§ ENTRIES SUPPLIED
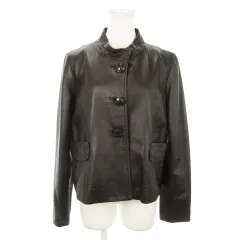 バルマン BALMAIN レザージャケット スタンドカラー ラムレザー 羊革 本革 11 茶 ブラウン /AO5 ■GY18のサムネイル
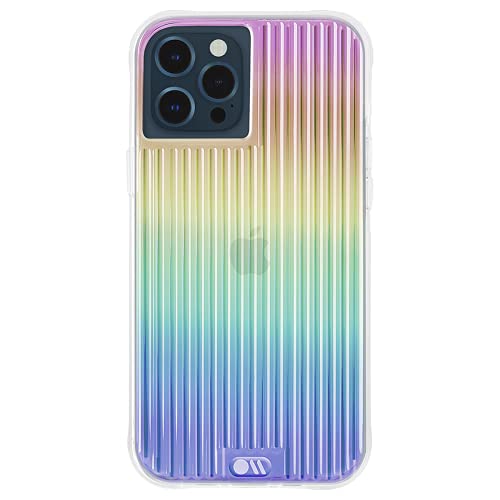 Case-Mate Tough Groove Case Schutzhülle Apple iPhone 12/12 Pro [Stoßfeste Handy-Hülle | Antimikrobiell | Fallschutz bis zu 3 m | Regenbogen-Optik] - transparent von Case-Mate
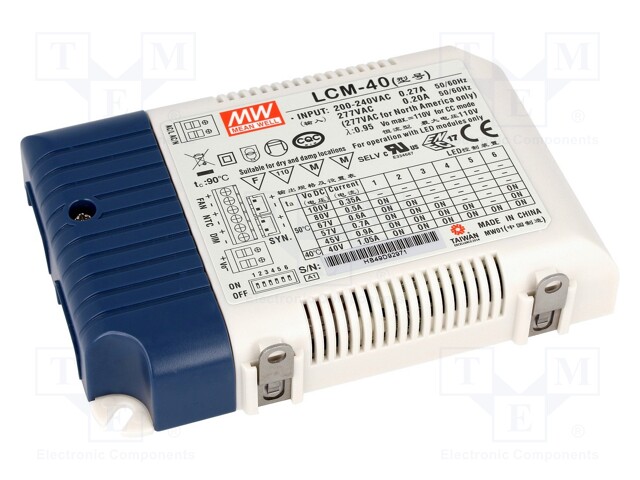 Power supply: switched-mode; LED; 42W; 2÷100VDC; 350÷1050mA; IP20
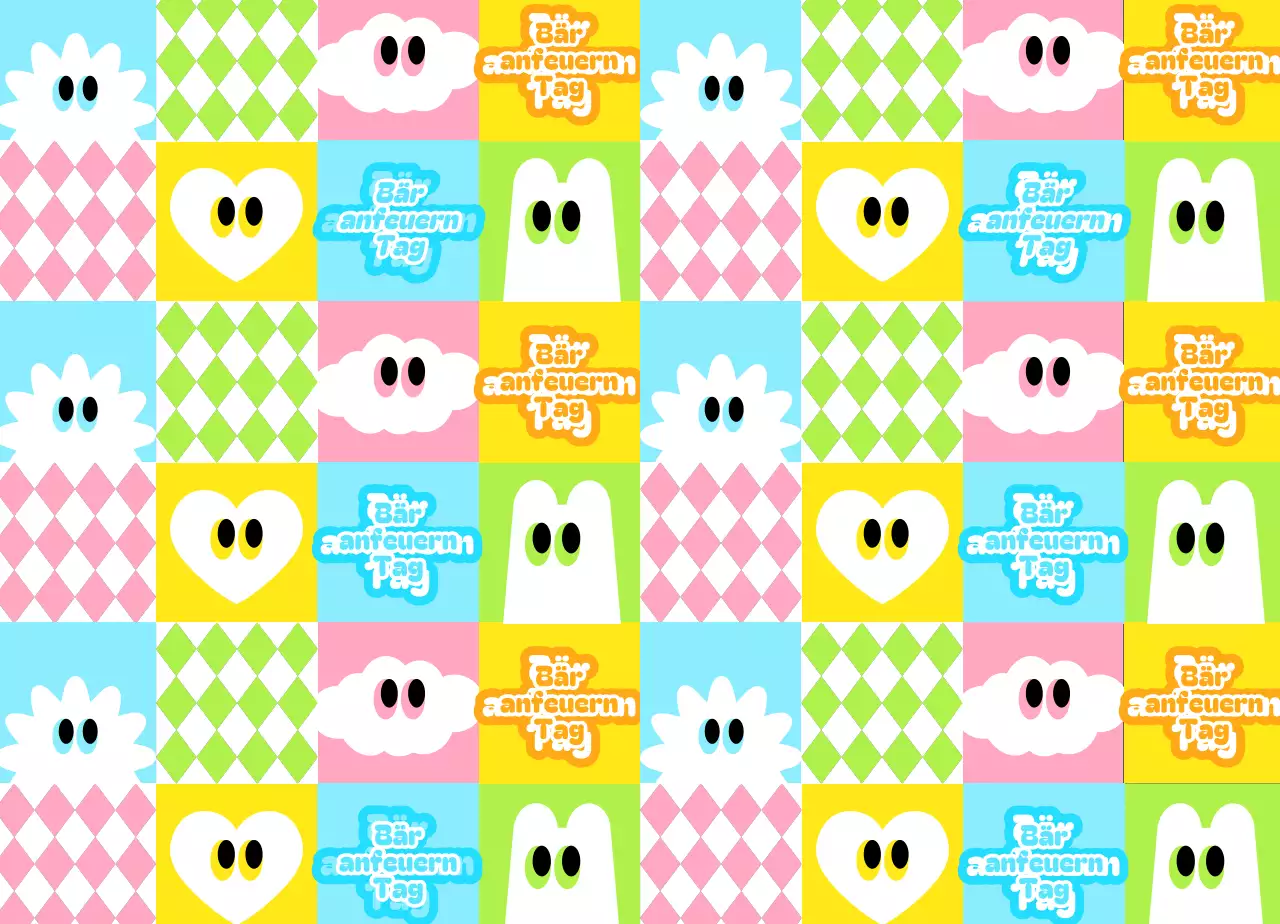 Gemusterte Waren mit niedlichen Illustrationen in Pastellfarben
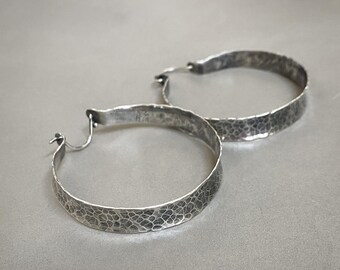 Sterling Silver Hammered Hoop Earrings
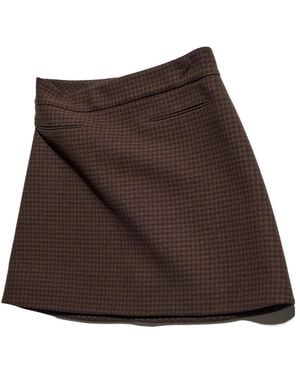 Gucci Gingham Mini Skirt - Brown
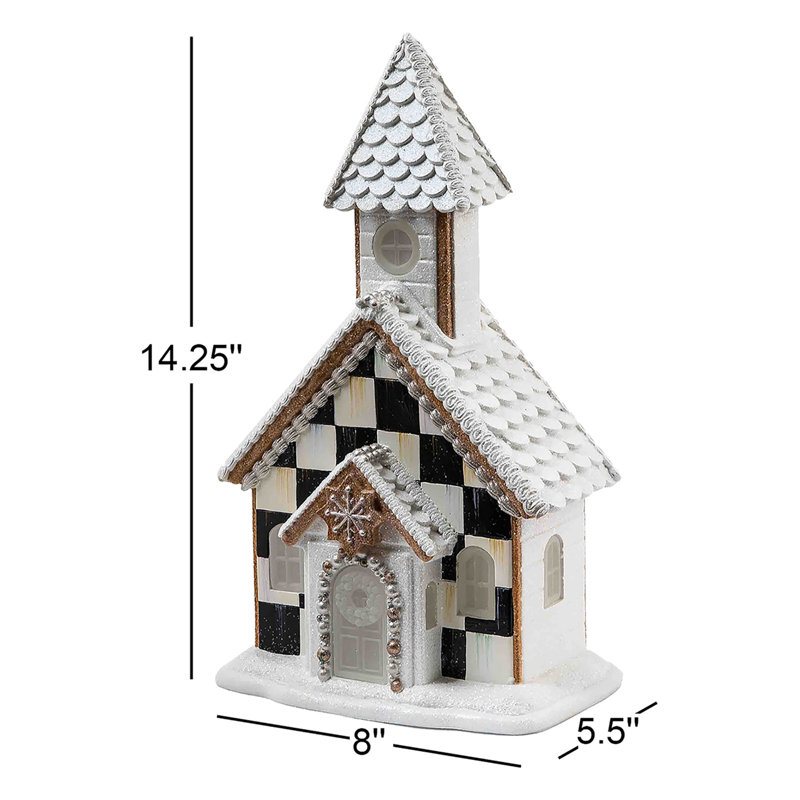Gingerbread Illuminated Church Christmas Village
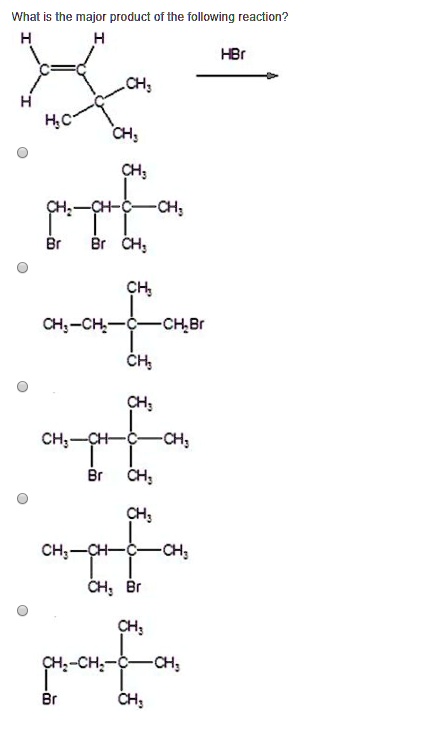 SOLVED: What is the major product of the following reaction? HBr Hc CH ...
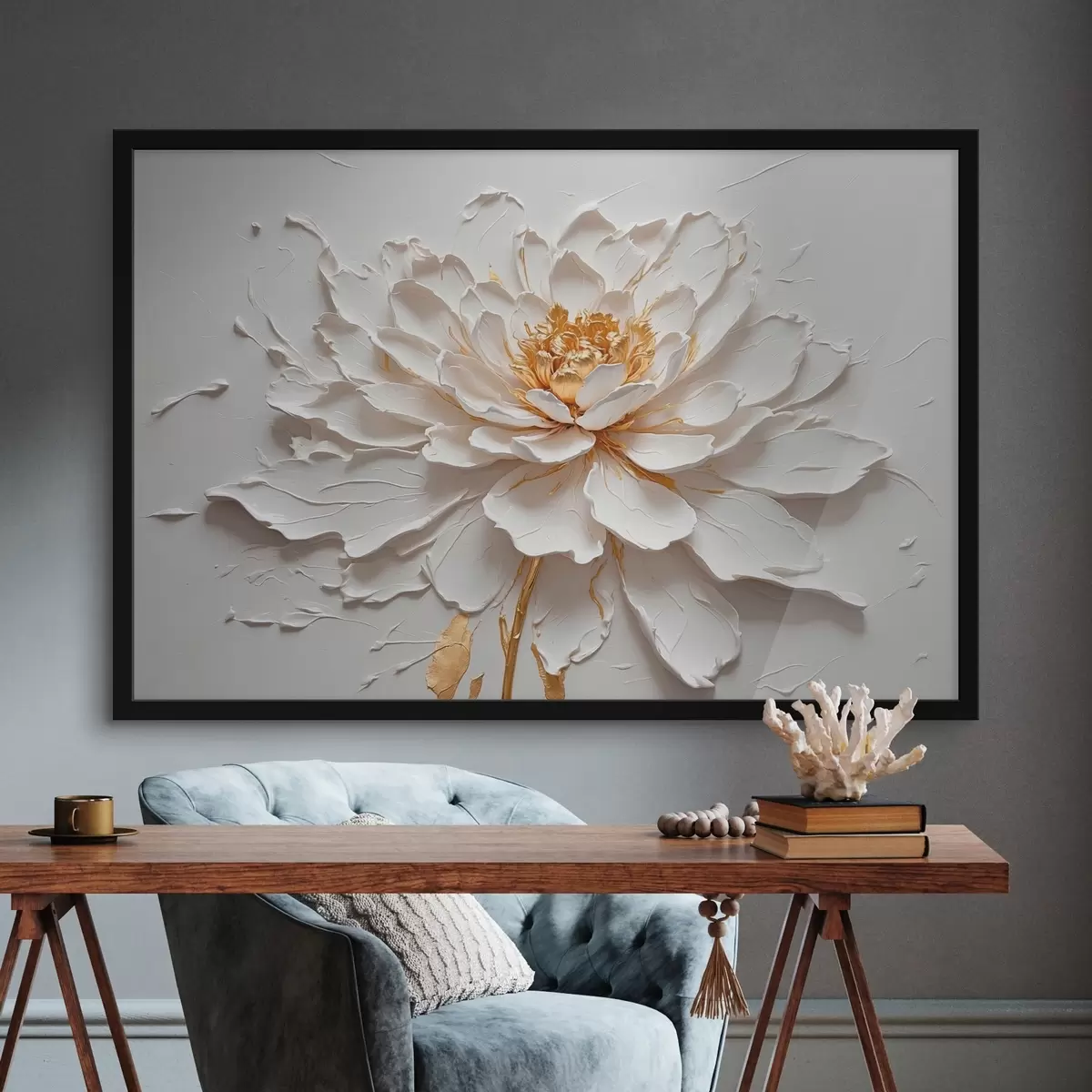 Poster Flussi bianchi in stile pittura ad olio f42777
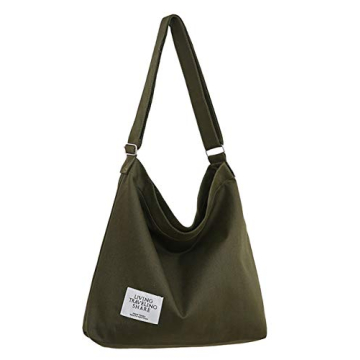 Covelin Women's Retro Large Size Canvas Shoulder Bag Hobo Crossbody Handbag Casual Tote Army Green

§ AIM OF THE EXERCISE
Retype the lines exactly as they appear, beginning with the line that contains "SOLVED: What is" and ending with the final line of the entries, and omit the pictures.

§ COMPLETED TASK
 SOLVED: What is the major product of the following reaction? HBr Hc CH ...
 Poster Flussi bianchi in stile pittura ad olio f42777
 Covelin Women's Retro Large Size Canvas Shoulder Bag Hobo Crossbody Handbag Casual Tote Army Green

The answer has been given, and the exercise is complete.